[Top][All Lists]
[Date Prev][Date Next][Thread Prev][Thread Next][Date Index][Thread Index]
Re: regexp regressions
From: |
Paul Eggert |
Subject: |
Re: regexp regressions |
Date: |
Sat, 20 Aug 2005 23:01:23 -0700 |
User-agent: |
Gnus/5.1007 (Gnus v5.10.7) Emacs/21.4 (gnu/linux) |
Sam Steingold <address@hidden> writes:
> the latest and greatest gnulib regexp has the following regressions vs
> the previous (monolithic) version:
Sorry, I didn't understand the notation that you used in
<http://lists.gnu.org/archive/html/bug-gnulib/2005-08/msg00008.html>.
I tried to reproduce the problems by writing a C program (enclosed
below) and it seems to me that the gnulib regexp is correct in all
these test cases. Perhaps the old regexp was broken.

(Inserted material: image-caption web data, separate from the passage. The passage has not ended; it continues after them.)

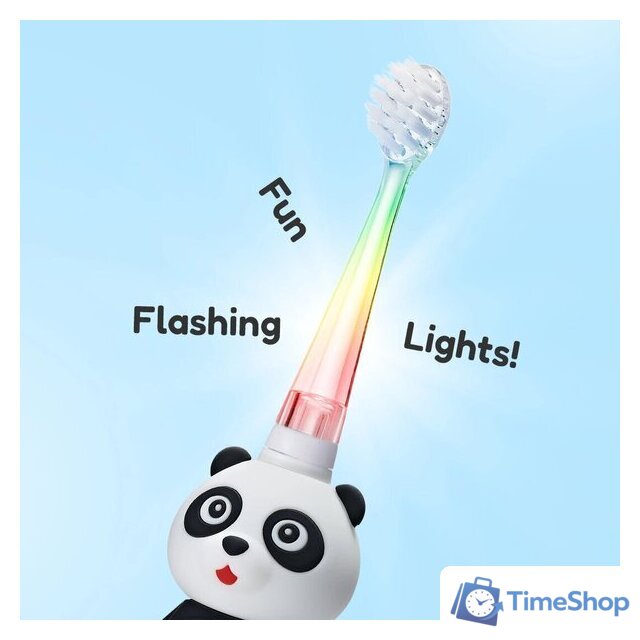 Электрическая зубная щетка Brush-Baby WildOnes Panda - Изображение №8 — Интернет-магазин Time-Shop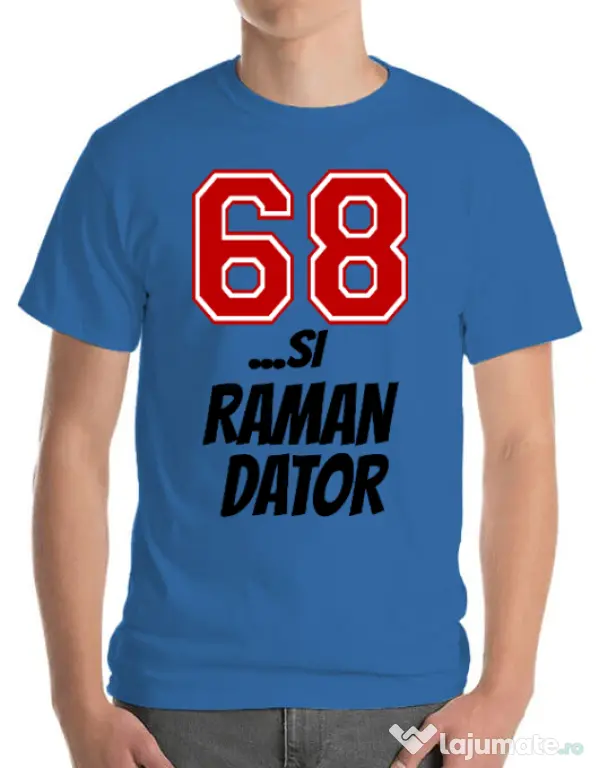 Tricou ADLER barbat 68 si raman dator Albastru azuriu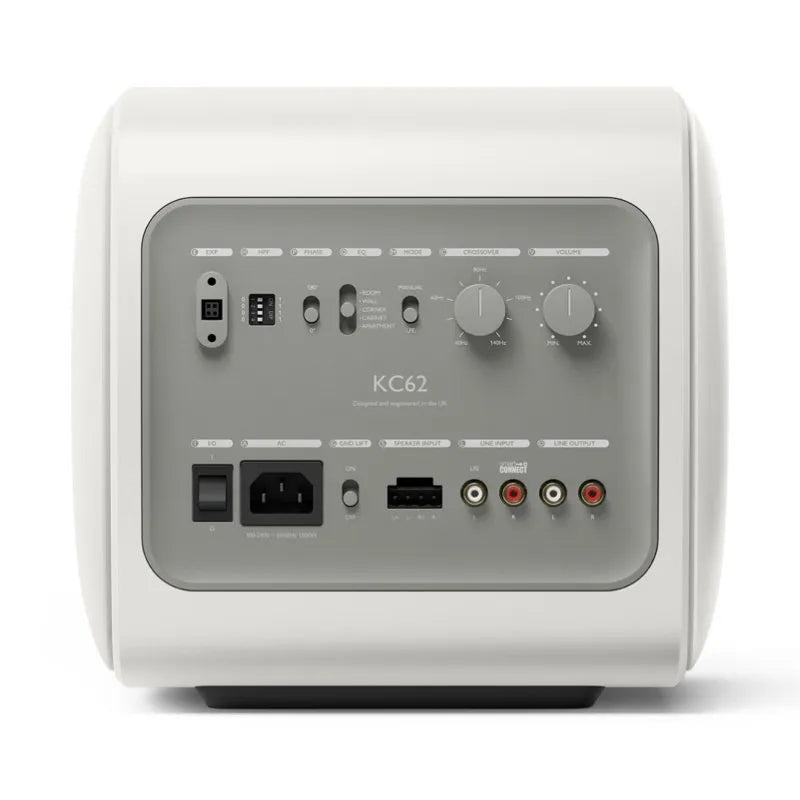 KEF KC62, Vista posteriore Finitura Bianco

Here is the output of the C program:
pattern='(^)*' string='-' result='' result[1]='' OK
pattern='([xyz])(-\2)' string='x-y' error Invalid back reference OK
pattern='((.*)\1)+' string='xxxxxx' error Invalid back reference OK
pattern='(.*)*\1' string='xx' result='xx' result[1]='x' OK
pattern='(a*)*' string='aaaa' result='aaaa' result[1]='aaaa' OK
pattern='(a*)+' string='aaaa' result='aaaa' result[1]='aaaa' OK
and here is the C program itself:
#include <sys/types.h>
#include <regex.h>
#include <stdio.h>
struct test
{
char const *pattern;
char const *string;
regoff_t offset;
regoff_t length;
};
static int
attempt (struct test t)
{
regex_t r;
int e;
regmatch_t match[100];
int ok;
printf ("pattern='%s' string='%s' ", t.pattern, t.string);
e = regcomp (&r, t.pattern, REG_EXTENDED);
if (e)
{
char buf[1000];
regerror (e, &r, buf, sizeof buf);
printf ("error %s ", buf);
ok = (t.offset == (regoff_t) -1);
}
else if (regexec (&r, t.string, r.re_nsub + 1, match, 0) == 0)
{
int i;
printf ("result='%.*s' ",
(int) (match[0].rm_eo - match[0].rm_so),
t.string + match[0].rm_so);
ok = (match[0].rm_so == t.offset
&& match[0].rm_eo - match[0].rm_so == t.length);
for (i = 1; i <= r.re_nsub; i++)
{
printf ("result[%d]='%.*s' ",
i,
(int) (match[i].rm_eo - match[i].rm_so),
t.string + match[i].rm_so);
}
}
else
{
printf ("did not match ");
ok = (match[0].rm_so == (regoff_t) -1);
}
if (ok)
printf ("OK\n");
else
printf ("NO GOOD\n");
return !ok;
}
static struct test const test[] =
{
{ "(^)*", "-", 0, 0 },
{ "([xyz])(-\\2)", "x-y", -1, -1 },
{ "((.*)\\1)+", "xxxxxx", -1, -1 },
{ "(.*)*\\1", "xx", 0, 2 },
{ "(a*)*", "aaaa", 0, 4 },
{ "(a*)+", "aaaa", 0, 4 }
};
int
main (void)
{
int status = 0;
size_t i;
for (i = 0; i < sizeof test / sizeof test[0]; i++)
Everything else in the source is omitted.